With the recent release of Denis Villeneuve’s new Dune adaptation, many fans have been revisiting the 1984 rendition of Frank Herbert’s seminal sci-fi novel, directed by David Lynch. Labelled by critics as a “beautiful disaster,” Dune is a flawed but interesting interpretation by the master of cinematic surrealism. Although Lynch has disowned the film, it has garnered the status of a cult classic in recent years.
Lynch said: “I don’t even like talking about Dune really, but I’ve said before I knew when I was signing the contract that I was signing away final cut and from that moment I felt like, looking back, I started selling out… I knew Dino [De Laurentiis], I knew what he was like, what he would go for and what he wouldn’t, so I’d have to go way back before that. I don’t know what it would’ve been but it wouldn’t have been what it is”.
While reflecting on the project, Lynch admitted that he shouldn’t have undertaken a Dune adaptation, claiming that he had other offers to consider as well: “I started selling out on Dune. Looking back, it’s no one’s fault but my own. I probably shouldn’t have done that picture, but I saw tons and tons of possibilities for things I loved, and this was the structure to do them in.”
David Lynch’s production featured a star-studded cast, including the likes of Kyle MacLachlan, Patrick Stewart and Sting among others. However, Stewart revealed that Lynch had no idea about his casting: “The fact is David Lynch thought he had cast somebody else.” In addition, the actor was unfamiliar with some of his colleagues – most notably, the music icon Sting.
“Music, at least popular music, has never played a big part in my life,” Stewart explained, while trying to justify the fact that he had been living under a rock. “I had never heard of Sting. That’s how isolated I was from the music world.” In order to familiarise himself with his co-star, Stewart initiated a conversation with Sting.
“I heard he was a musician,” the actor said, “so the second or third day we’re just hanging out on the set, just him and me, and I say, ‘So, you’re a musician?’ And he said, ‘Yup.’ And I said, ‘What do you play?’ And he said, ‘Bass.’ And I said, ‘You know, I’ve often wondered what is it like carrying that huge thing around everywhere you go,’
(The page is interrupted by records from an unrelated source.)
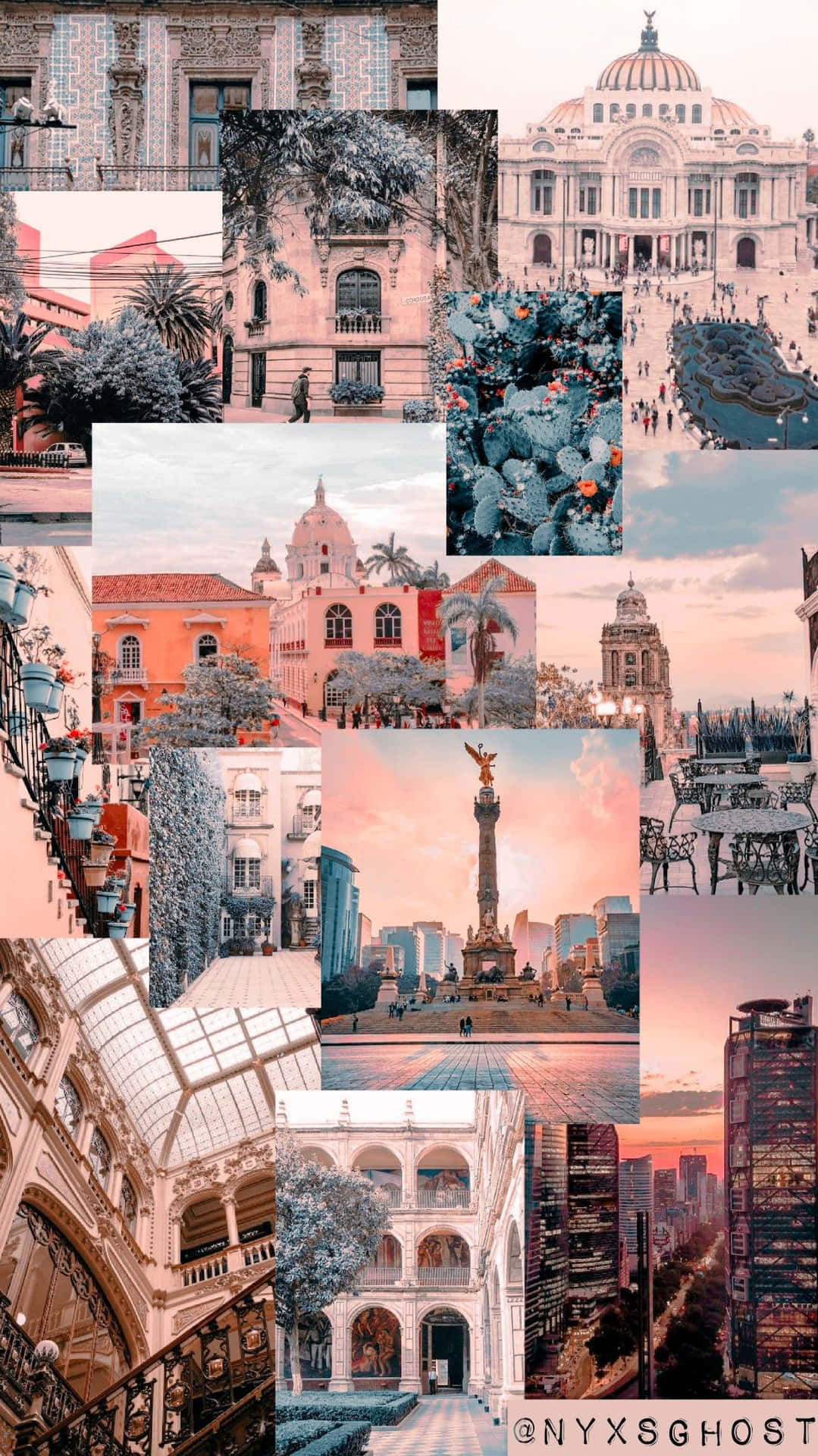 Mexico City Collage - Instagram Background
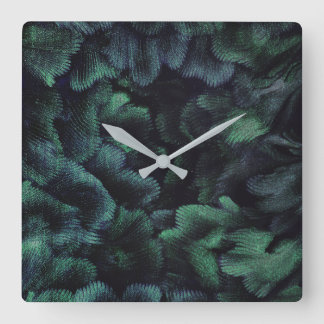 Relógio Quadrado Faerie Forest Square Wall Clock
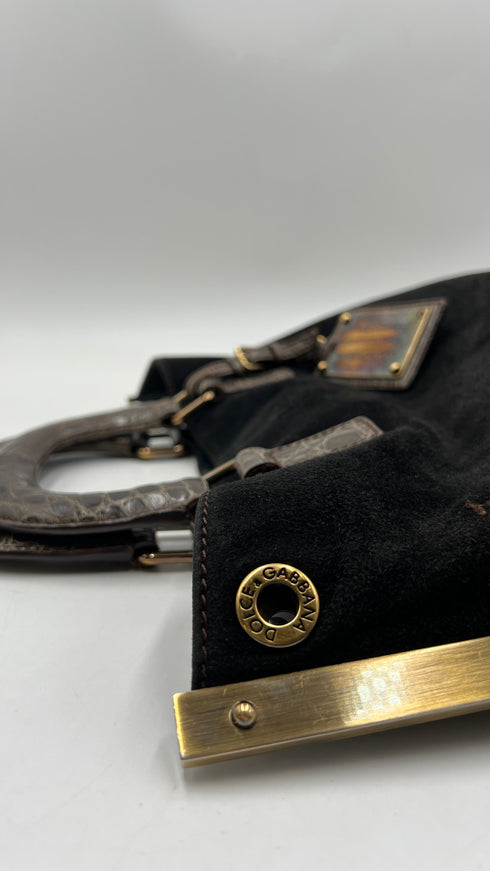 Borsa scamosciata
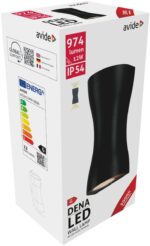 Avide Εξωτερικό Φωτιστικό Τοίχου Dena LED 12W Θερμό 3000K IP54 - Image 3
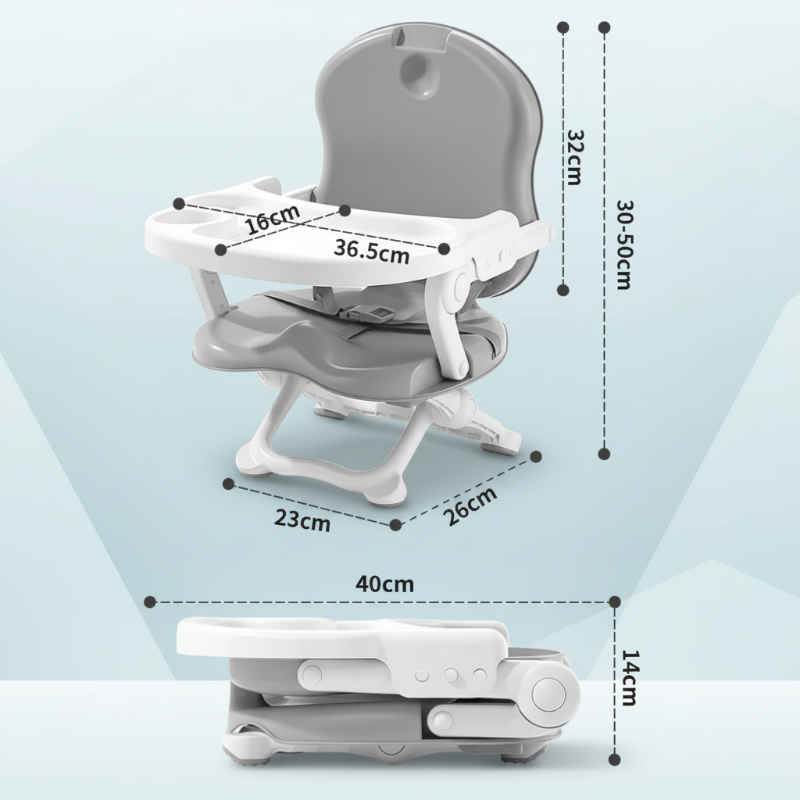 LittleCare – Compacta y fácil de usar – Trona para niños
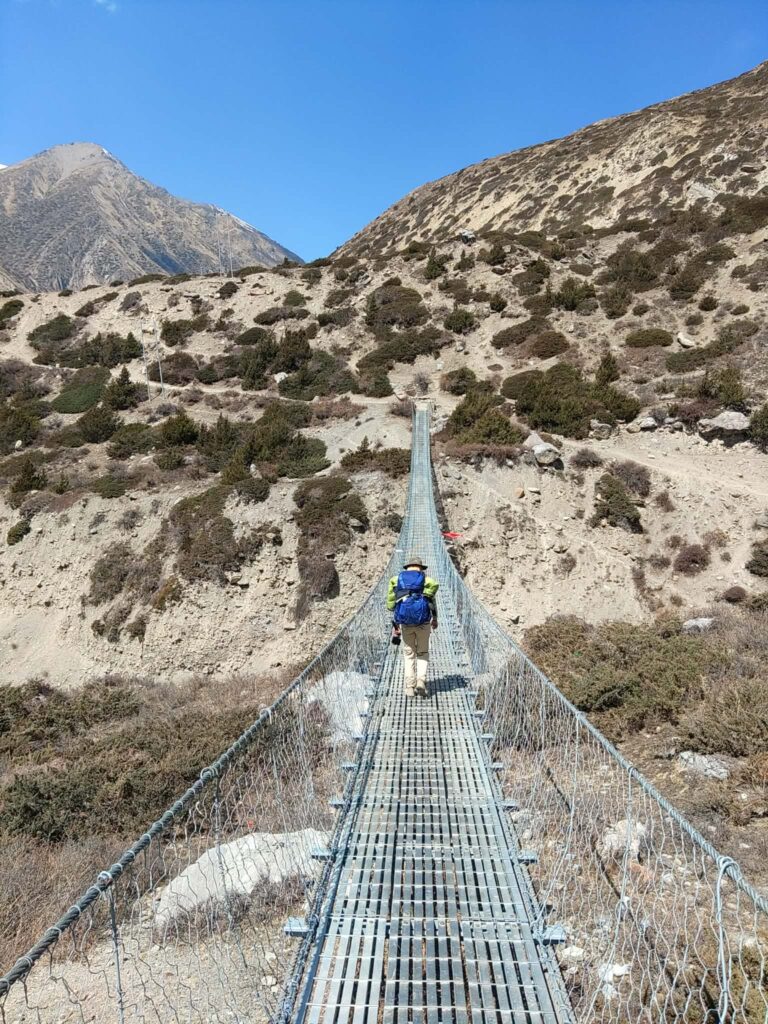 mon itinéraire de 10 jours tour des annapurna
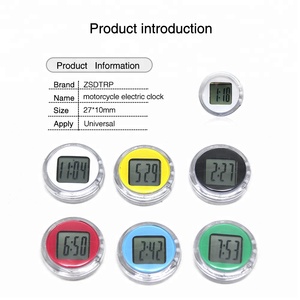 Offre Spéciale horloges de <span class=keywords><strong>moto</strong></span> universelles montre étanche à coller montre de montage de <span class=keywords><strong>moto</strong></span> <span class=keywords><strong>Moto</strong></span> <span class=keywords><strong>horloge</strong></span> numérique costume véhicule tout Terrain - Product Image 4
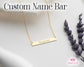 Custom Name Engraved Flat Bar Necklace – Personalized Jewelry Gift for Him/Her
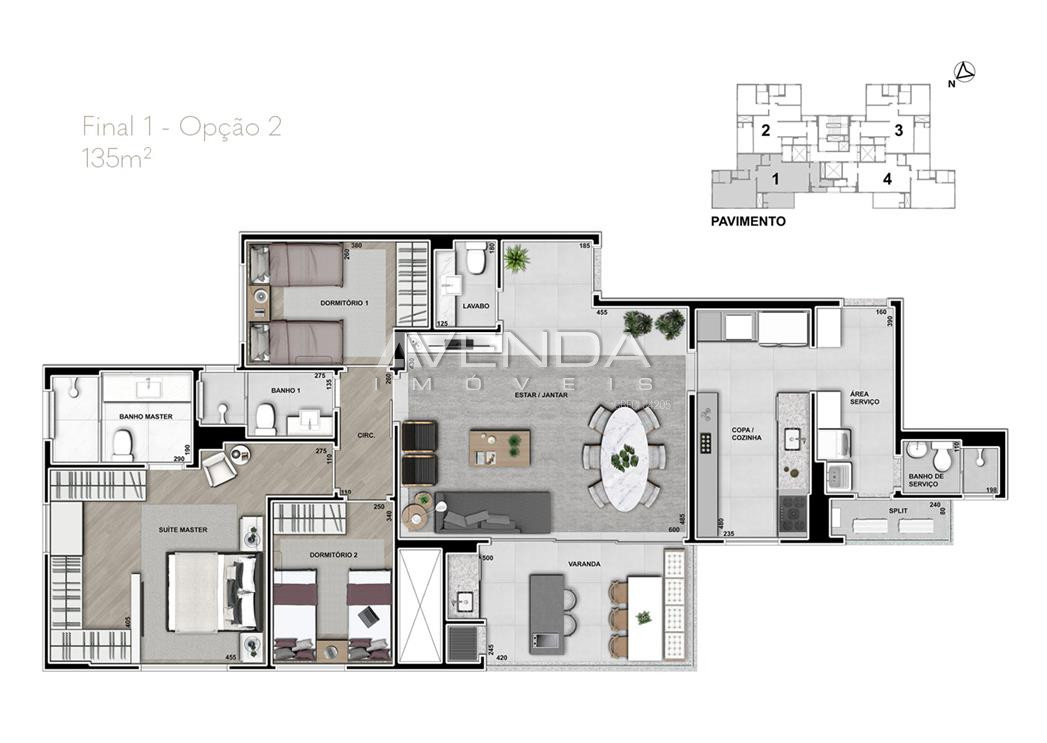 Apartamento à venda com 3 quartos, 131m² - Foto 19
“And God bless him, he said, ‘No, bass guitar.’ And I said, ‘Are you a solo artist?’ And he said, ‘No, I’m in a band.’ And I said, Oh, what kind of band?’ And he said, ‘The Police,’” Stewart recalled. “Folks, I said, ‘You play in a police band?’”
David Lynch wasn’t the only person who did not want to do Dune, with many participants echoing a similar sentiment. When asked about it, even Sting claimed that he had only taken the project because he wasn’t ready to miss out on the golden opportunity of collaborating with Lynch: “I’m doing Dune because of [director David Lynch] and for no other reason.”
Continuing, the musician added: “I didn’t really want to do the movie, because I didn’t think it was wise for me to be in an enormous movie. I’d rather keep a groundswell building up in my movie career. So, I sort of went along dragging my heels.”